Raporda “Eğitim çalışanlarının mesleklerini ifasının, öğrencilerin derslere devamının ve kamu hizmetinin yerine getirilmesinin haftada iki sefer PCR testi yaptırma kuralına bağlanması yani dolaylı yoldan aşı zaruriliği dayatılması temel insan haklarının ihlali niteliğindedir” sözleri de yer buldu.

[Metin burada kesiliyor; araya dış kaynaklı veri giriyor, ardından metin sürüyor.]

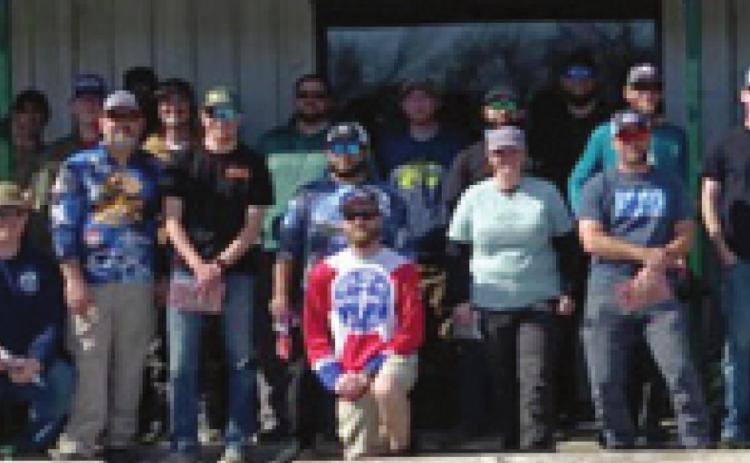 A large group of Kansas Kayak Anglers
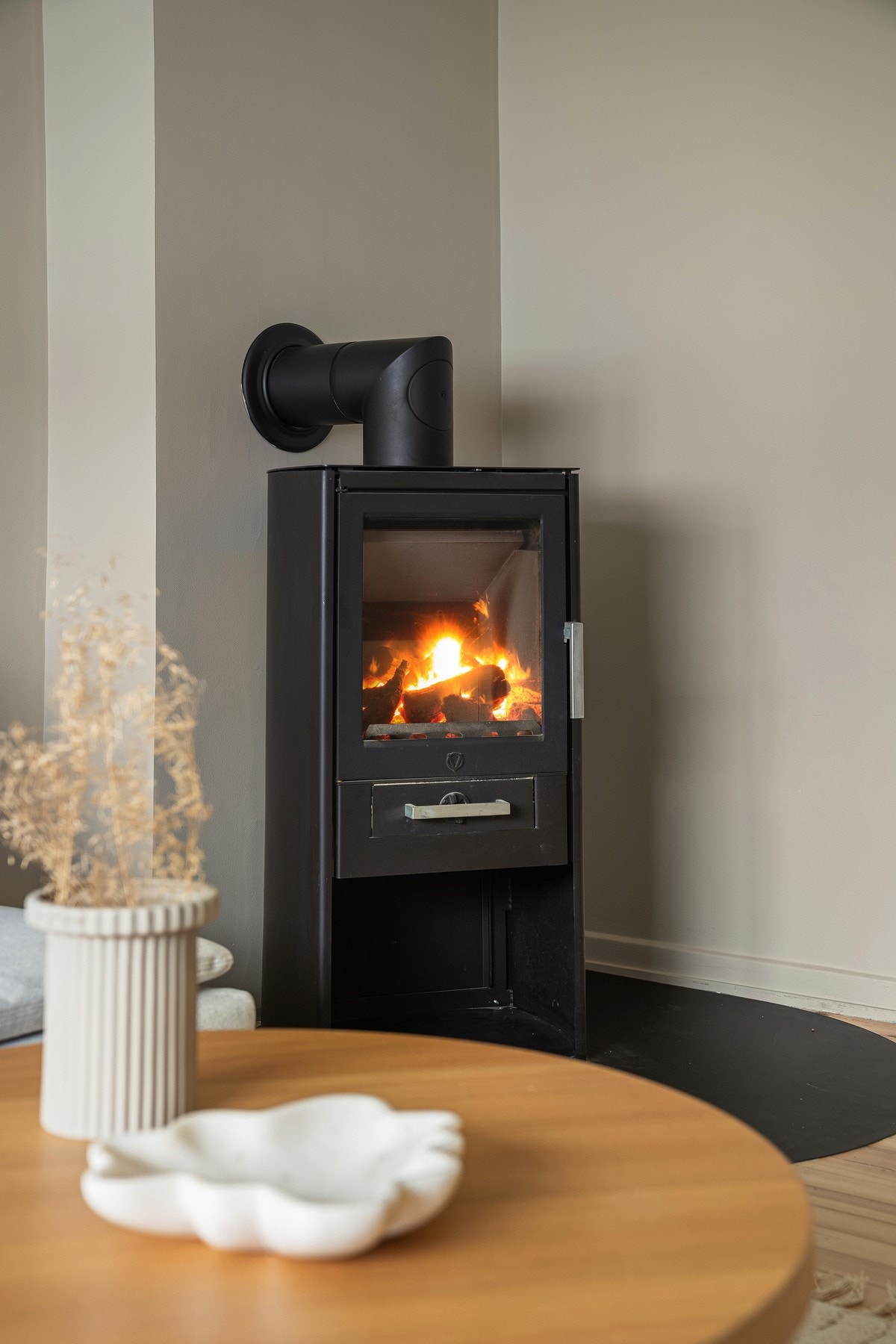 Vedovn med glassdør plassert i et hjørne av stuen Galleribilde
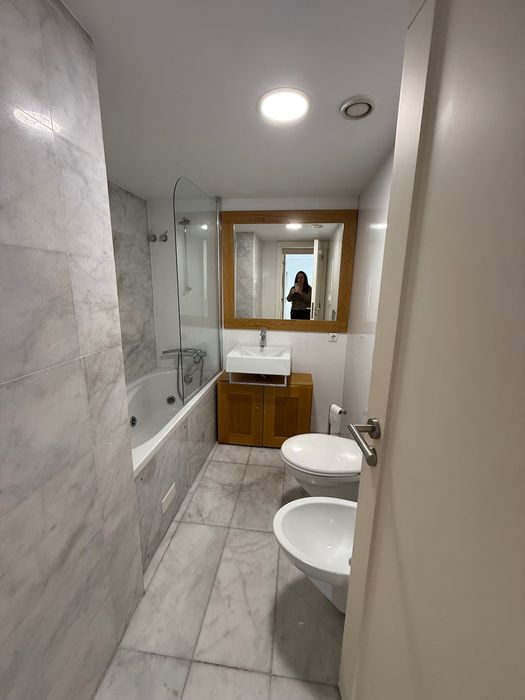 Arrendo T1 mobilado com garagem e piscina Av Eng Duarte Pacheco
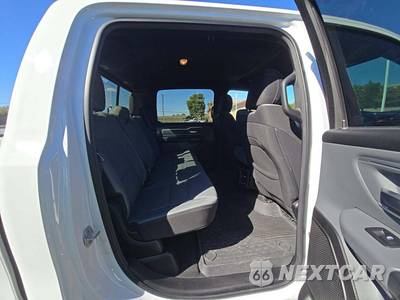 2023 Ram 1500 Big Horn Crew Cab Short Bed - zdjęcie 13 z 20 - miniatura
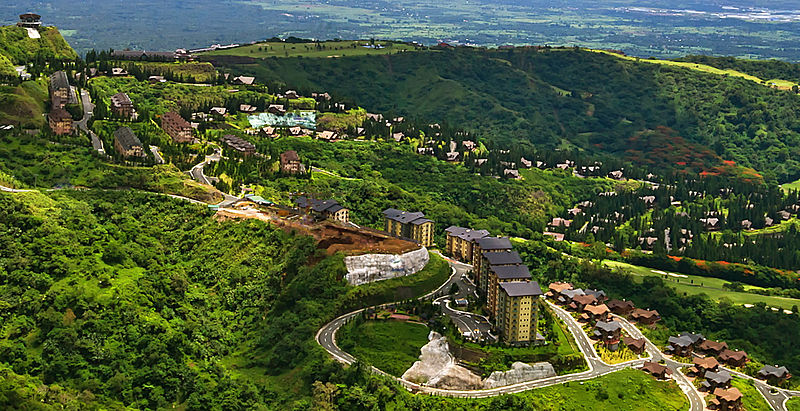 View of the Tagaytay Highlands Image source: Manilaspirit/Creative Commons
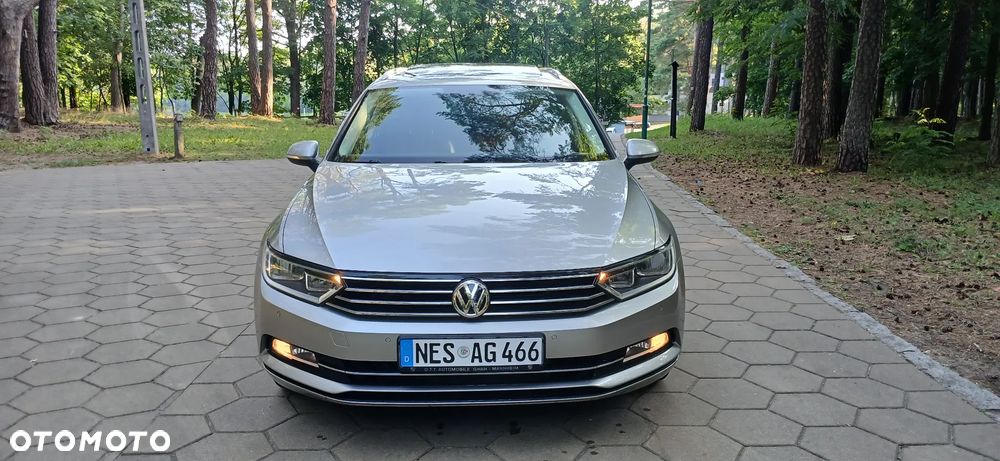 Volkswagen Passat 2.0 TDI SCR DSG 4Motion Business - 21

‘PCR yerine antikor testi yapılmalıdır’
Raporda PCR yerine antikor testinin kullanılması gerektiği “Hastalığı hafif semptomlarla geçirmiş, test yaptırmamış ve hasebiyle antikoru olan şahısların sistemde görülmeyecek olması bir sorun teşkil etmektedir. Sonuçta aşı ile yapılmak istenen hastaya antikor sağlanmasıdır. Hastalığı geçirenlerin antikor düzeylerinin yüksek olduğu ve hastalığı geçirmenin hücresel immüniteyi, aşıya nazaran çok daha iyi uyardığı bilgisi birlikte düşünüldüğünde ülke genelinde haftada 2 kez yapılacak PCR testi yerine antikor testi ile hastalığı semptomsuz geçirerek antikoru olan bireylerin bilgisi ve aşılanmış nüfusun toplamı, toplumsal bağışıklıkta nerede olduğumuz konusunda daha sağlıklı bir fikir verecektir. Bu nedenle haftada iki kere PCR testinin mali ve iş yükü yerine antikor testleri yapılarak hastalığı semptomsuz atlatan ve antikoru oluşan şahıslar tespit edilerek bu şahıslar HES’te hastalığı geçirmiş kategorisine geçirilmelidir” formunda anlatıldı.